BEGIN Input data

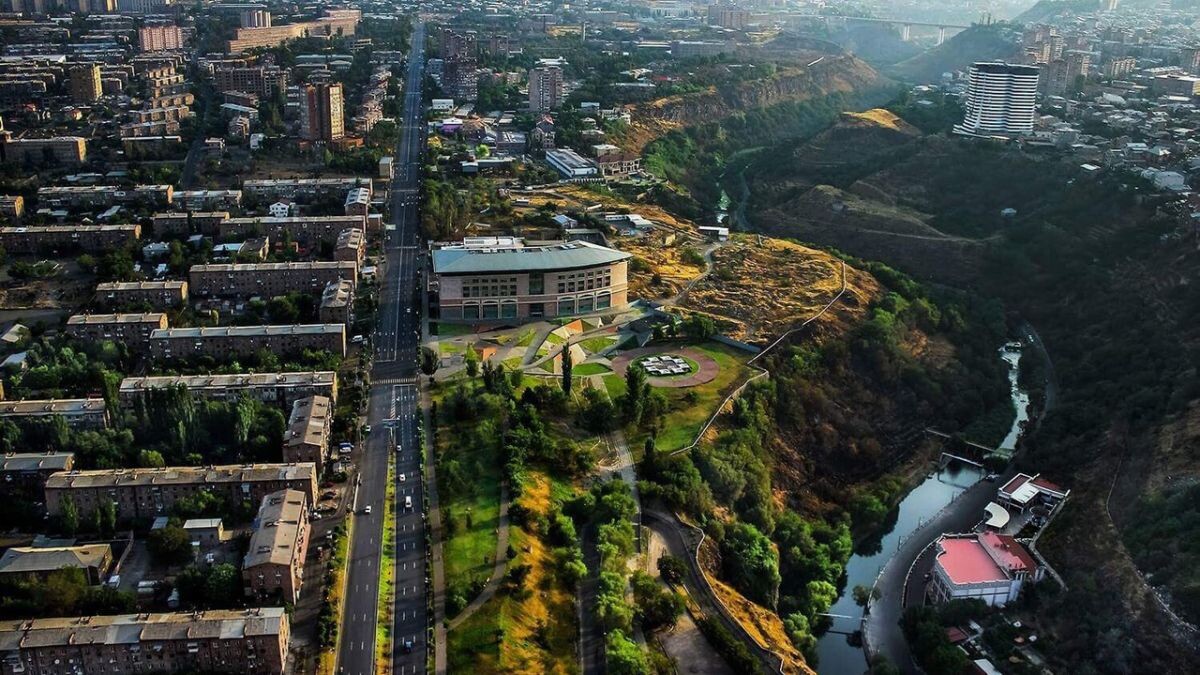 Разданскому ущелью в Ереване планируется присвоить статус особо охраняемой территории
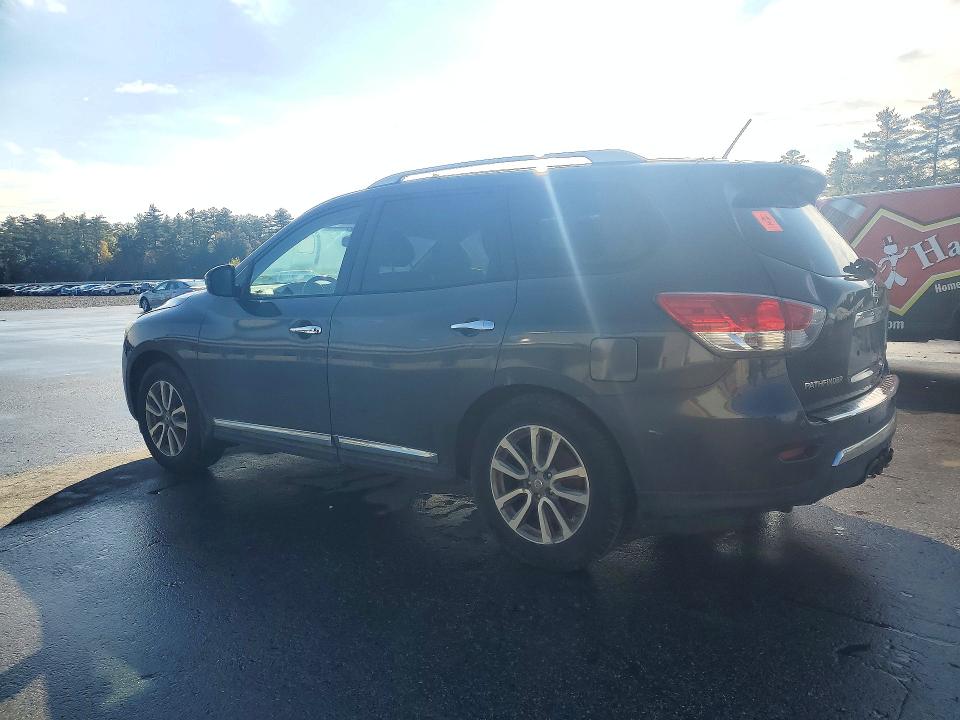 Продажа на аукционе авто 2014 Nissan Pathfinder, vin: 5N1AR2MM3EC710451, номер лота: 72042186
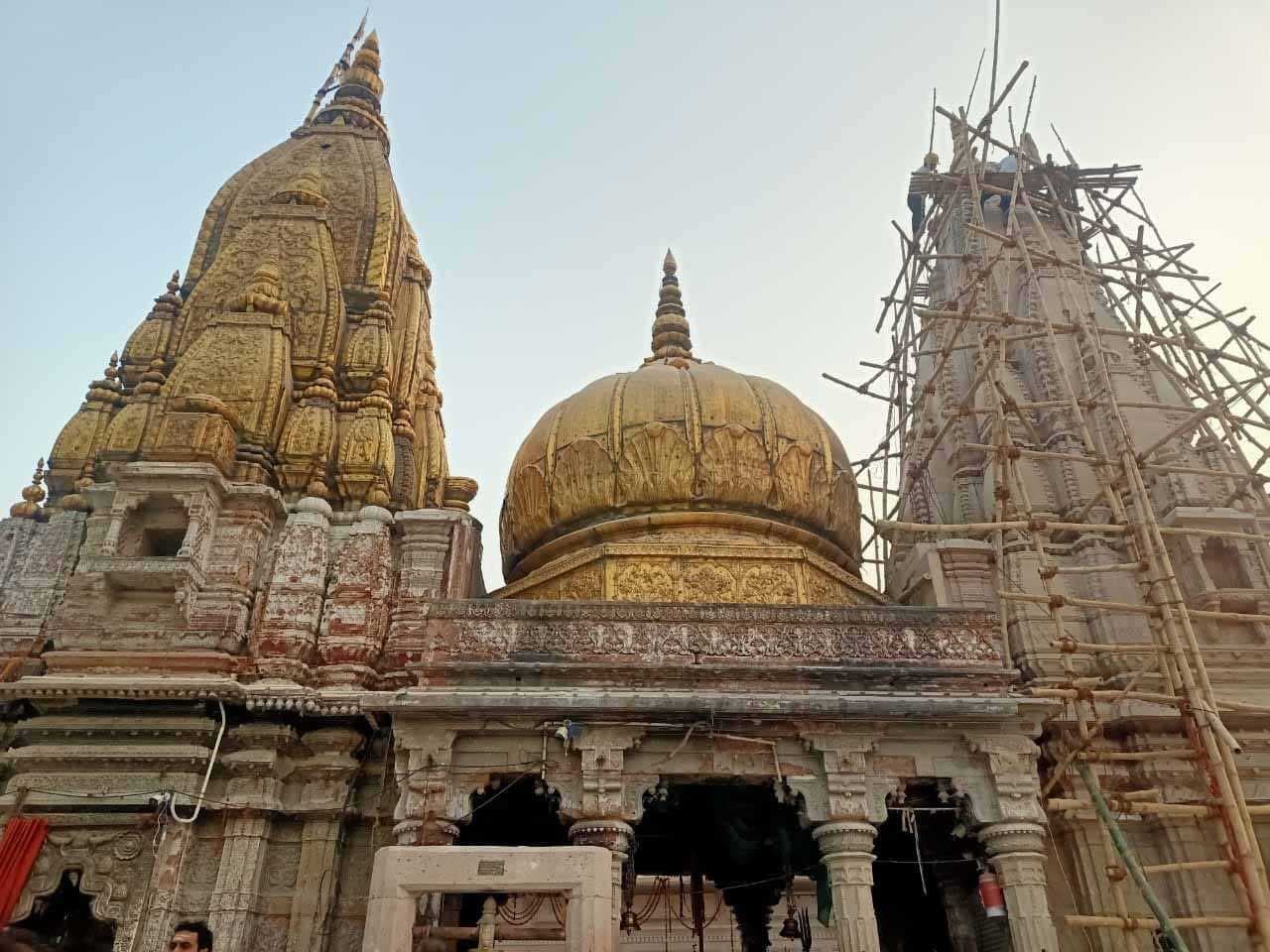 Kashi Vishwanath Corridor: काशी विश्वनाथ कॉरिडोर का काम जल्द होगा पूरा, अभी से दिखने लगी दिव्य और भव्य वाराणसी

END Input data

• _Task directions_
Word for word, repeat the material above and drop the pictures.

• _Finished task_
 Разданскому ущелью в Ереване планируется присвоить статус особо охраняемой территории
 Продажа на аукционе авто 2014 Nissan Pathfinder, vin: 5N1AR2MM3EC710451, номер лота: 72042186
 Kashi Vishwanath Corridor: काशी विश्वनाथ कॉरिडोर का काम जल्द होगा पूरा, अभी से दिखने लगी दिव्य और भव्य वाराणसी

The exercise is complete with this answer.